3 points stood out in my mind from this article:
1. The importance of emotional intelligence for people in Leadership
2. People management skills are not correlated with Scientific IQ and may even be negatively correlated
3. It is rare to find someone who combine Scientific skills with IQ
We often quote this as an example in our People management programs at Shradha HRD. We often ask participants to reflect on anyone they have met at the workplace, past or current that possesses both these skills.
To my mind, if you have both these skills you mind well be on the Satya Nadella path !!!!!!
We had Satya Nadella (Microsoft’s present CEO) as Guest Editor barely a fortnight ago. We’d love to hear what you think of him.
I’m really happy that he’s running Microsoft, so that I don’t have to. I still love Microsoft, I still worry about it and I spend 15% of my time on it and Satya’s very good at using that time. He’s always telling me “Go meet this group. Are they doing a good job, let me know.”
I’ve worked with Satya for a long time. He was always very thoughtful, very good at working with people, He has this very calm way of dealing even with very hard problems. Happily the board endorsed him, because I was so enthusiastic that he should be the CEO. Why is he such a good CEO? It’s hard to say. His book talks about his (quadriplegic) son – which may explain a lot. He’s a very Zen person (laughs). In that respect, he’s probably better than I was. I was too emotional –if something’s not going well – “This is terrible”. But it’s fun to work with him.
Sometime ago, you gave a speech about how you once used to “overvalue intelligence”. Can you elaborate?
There’s a certain type of IQ where I can give you a 500-page book on meteorology and you read it and you understand how tornadoes work.

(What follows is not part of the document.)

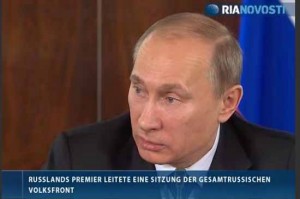 Seitensprung: Wladimir Putin zu den Kundgebungen der Opposition in Russland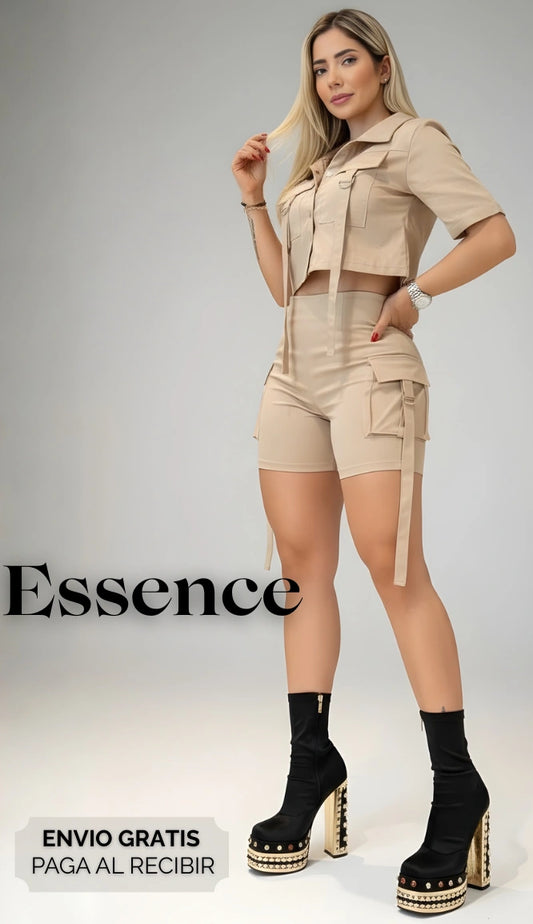 Conjunto Essence Short + TopCrop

I always admired people who were good at that, and I thought if you were good at that, then everything else is easy. Managing people? Just use common sense. Understanding profit and loss? That’s just a little mathematical equation. “You’re a smart person. You know physics. Go manage this group. It can’t be worse than the Navier-Stokes equation (a complicated fluid dynamics equation),” I used to think. I was wrong about that.
The idea that some of these skills were not correlated with scientific IQ, in fact, that some of them were negatively correlated, it took me a while to figure that out. Those who combine scientific IQ with people skills—like Satya –are rare. You have to learn to build a team with different capabilities and as Microsoft got bigger, it became more important. I’m a little broader in my understanding of different talents now.